*** Data records Section Begins ***

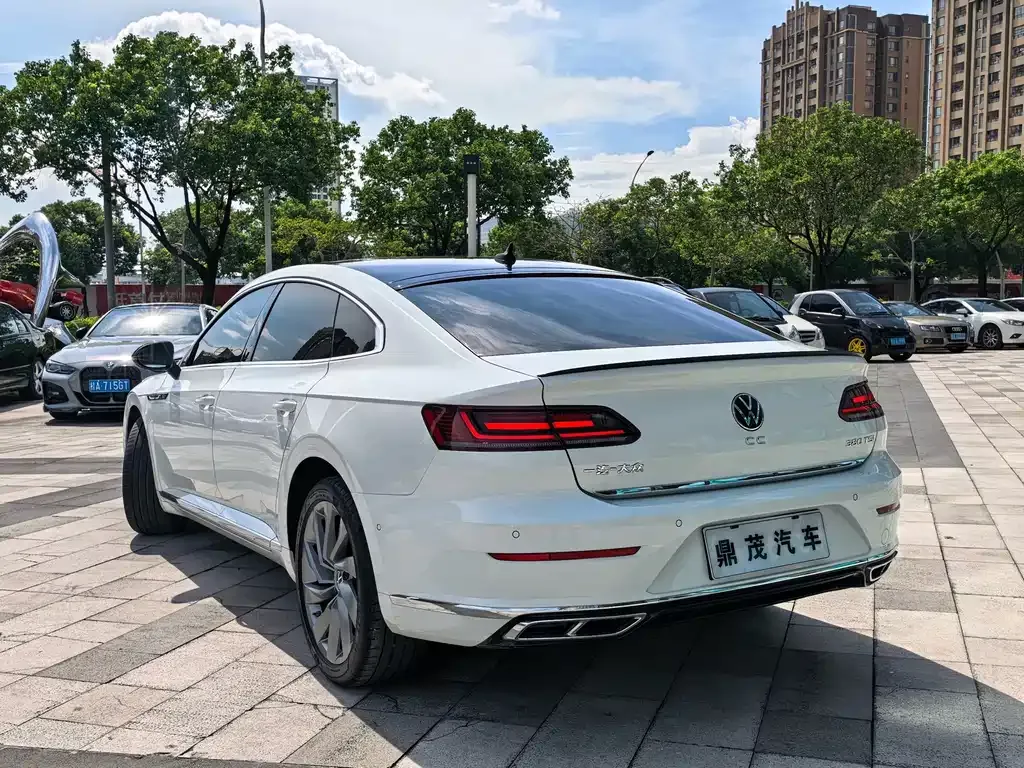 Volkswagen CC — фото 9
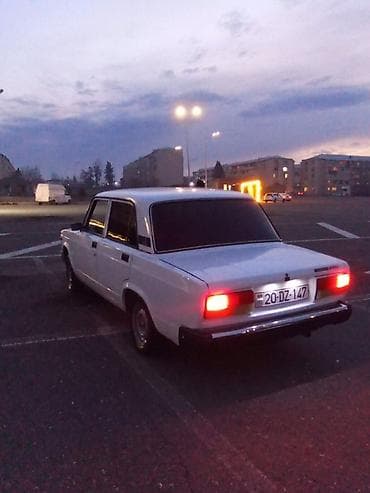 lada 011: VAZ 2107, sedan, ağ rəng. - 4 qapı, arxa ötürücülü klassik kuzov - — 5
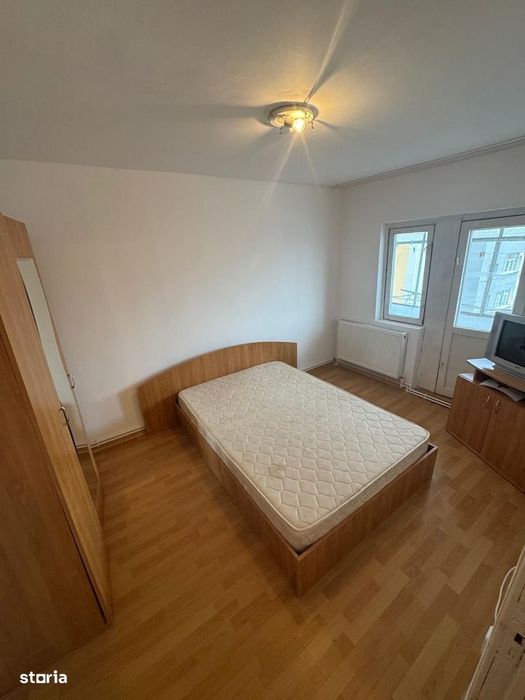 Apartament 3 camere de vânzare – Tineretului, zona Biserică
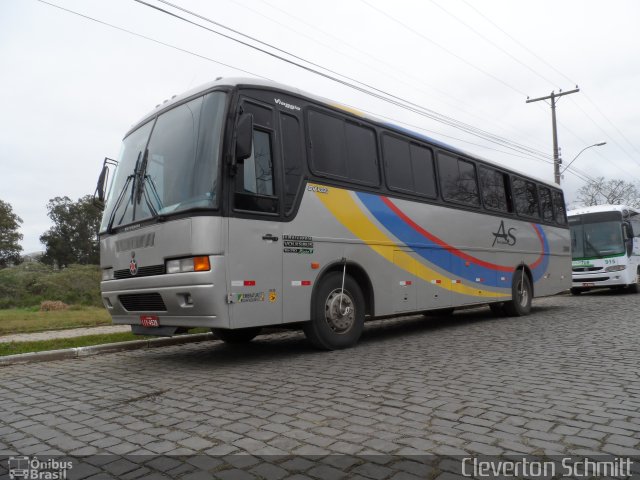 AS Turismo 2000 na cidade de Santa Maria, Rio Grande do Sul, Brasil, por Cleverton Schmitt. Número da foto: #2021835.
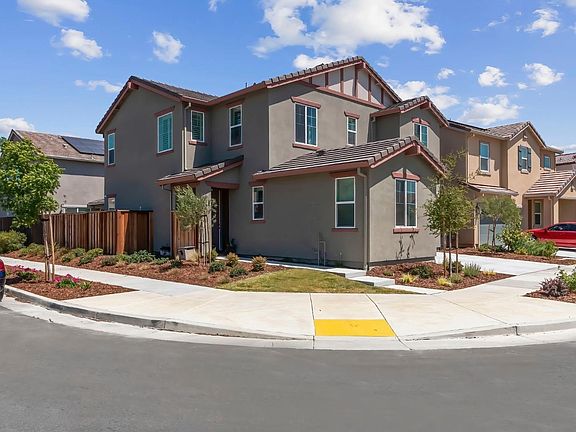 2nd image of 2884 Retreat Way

*** Data records Section Ends ***

Activity: Set down the entries above exactly; no pictures belong in the copy.

Response:
 Volkswagen CC — фото 9
 lada 011: VAZ 2107, sedan, ağ rəng. - 4 qapı, arxa ötürücülü klassik kuzov - — 5
 Apartament 3 camere de vânzare – Tineretului, zona Biserică
 AS Turismo 2000 na cidade de Santa Maria, Rio Grande do Sul, Brasil, por Cleverton Schmitt. Número da foto: #2021835.
 2nd image of 2884 Retreat Way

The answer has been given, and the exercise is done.